*TASK GOAL*
Copy the records below exactly, starting at the line that contains "COCORI KUSH CBD" and ending at the line that contains "ShuShu/Tong Geplooide Mini-jurk - Zwart"; leave out any pictures.

───── GIVEN DATA ─────

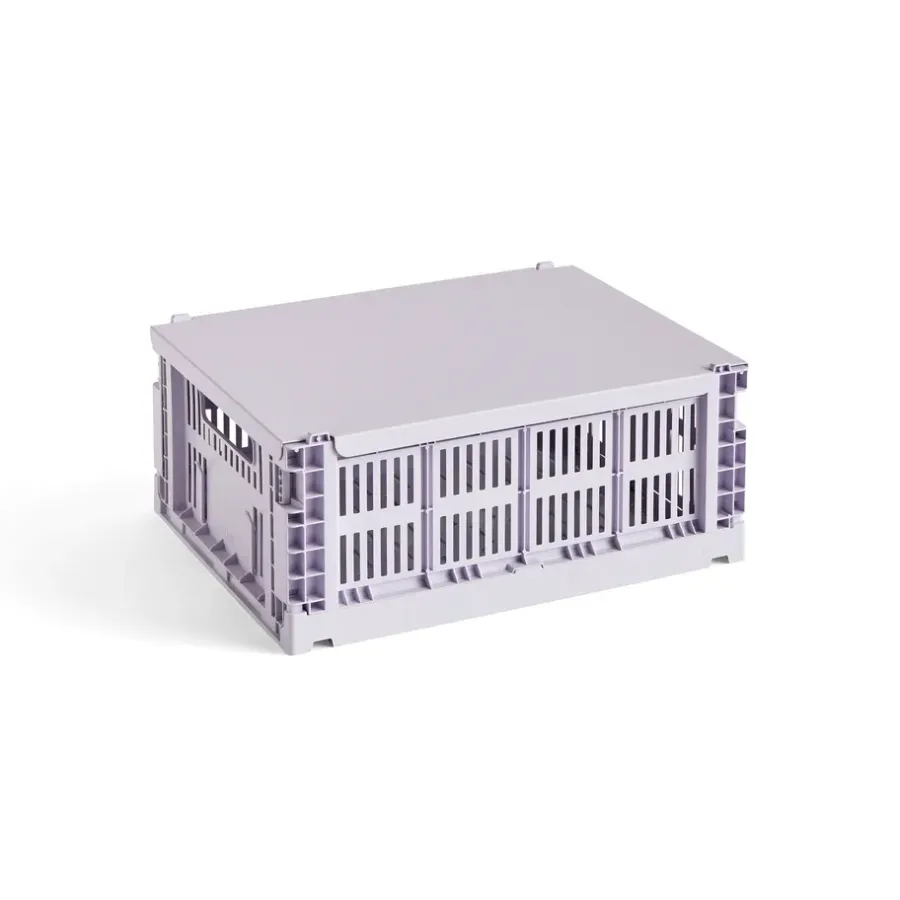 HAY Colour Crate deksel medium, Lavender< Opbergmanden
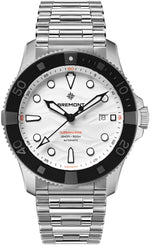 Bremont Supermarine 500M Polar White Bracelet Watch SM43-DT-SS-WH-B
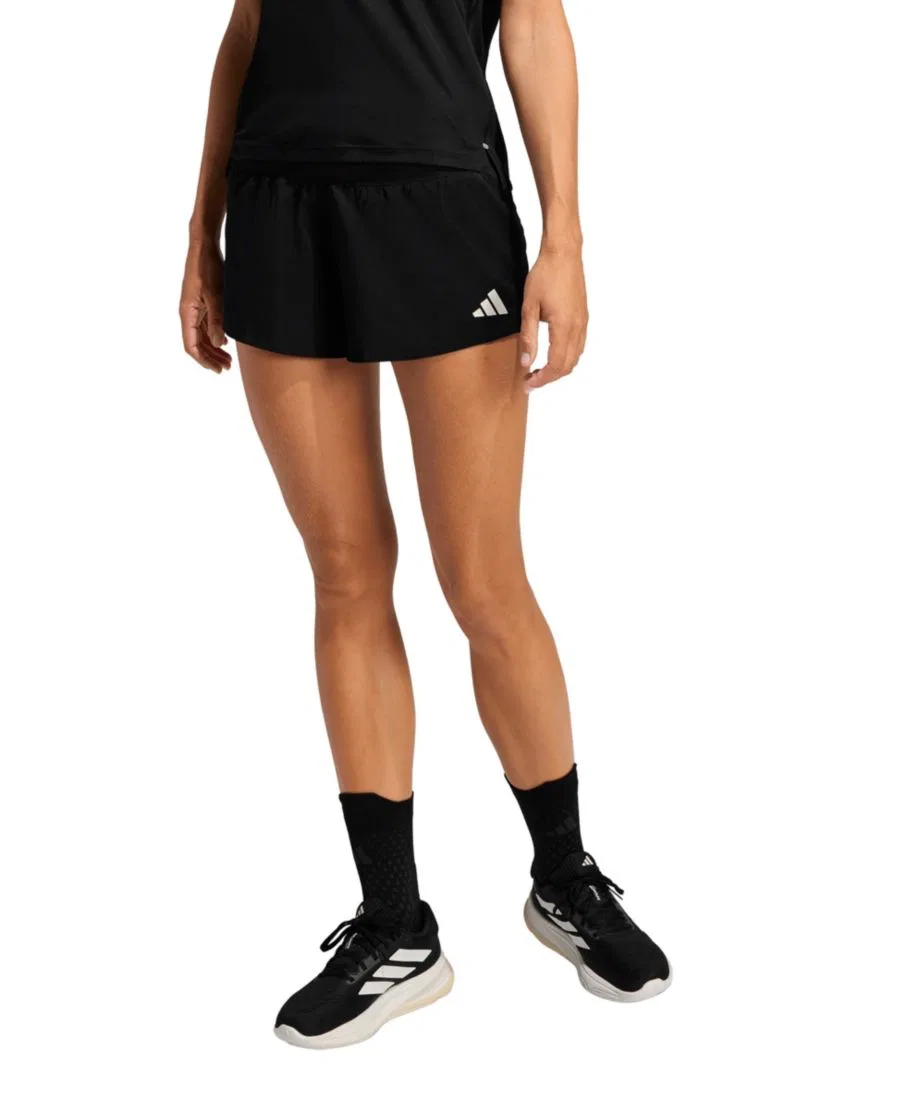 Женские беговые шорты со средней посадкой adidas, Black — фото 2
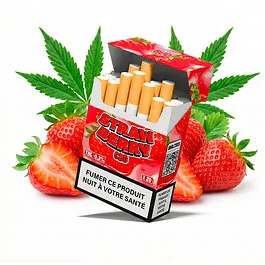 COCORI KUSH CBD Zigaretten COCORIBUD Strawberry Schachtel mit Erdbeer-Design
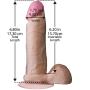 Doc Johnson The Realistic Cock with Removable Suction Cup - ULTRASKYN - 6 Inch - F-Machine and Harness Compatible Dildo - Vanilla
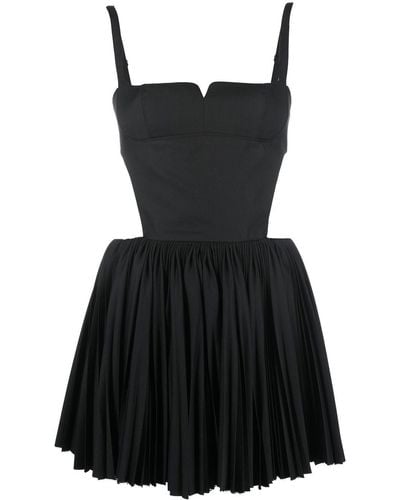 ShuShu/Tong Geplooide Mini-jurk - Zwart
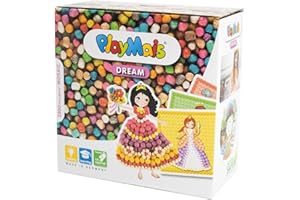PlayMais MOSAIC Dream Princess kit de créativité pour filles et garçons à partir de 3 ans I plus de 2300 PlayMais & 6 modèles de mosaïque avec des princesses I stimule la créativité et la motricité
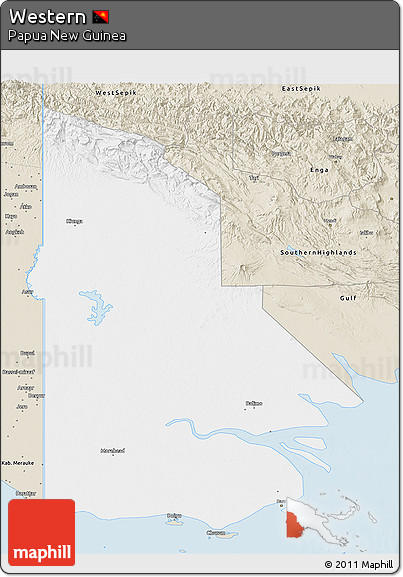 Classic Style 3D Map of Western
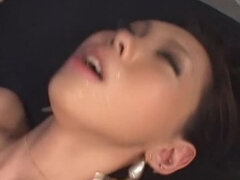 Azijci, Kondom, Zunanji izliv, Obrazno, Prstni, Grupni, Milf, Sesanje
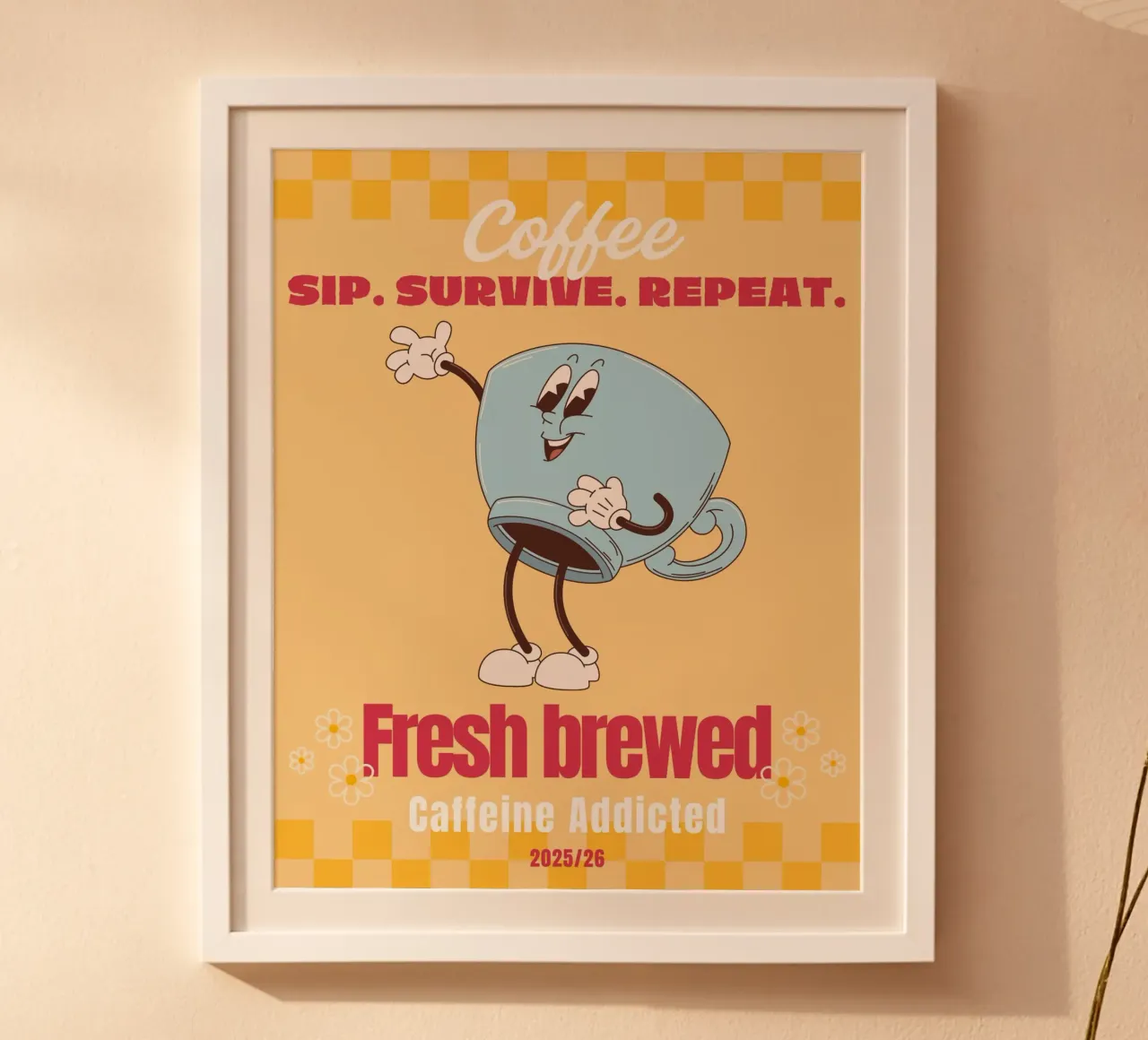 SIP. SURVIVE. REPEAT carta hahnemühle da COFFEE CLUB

─────

*RESPONSE AREA*
 COCORI KUSH CBD Zigaretten COCORIBUD Strawberry Schachtel mit Erdbeer-Design
 Doc Johnson The Realistic Cock with Removable Suction Cup - ULTRASKYN - 6 Inch - F-Machine and Harness Compatible Dildo - Vanilla
 ShuShu/Tong Geplooide Mini-jurk - Zwart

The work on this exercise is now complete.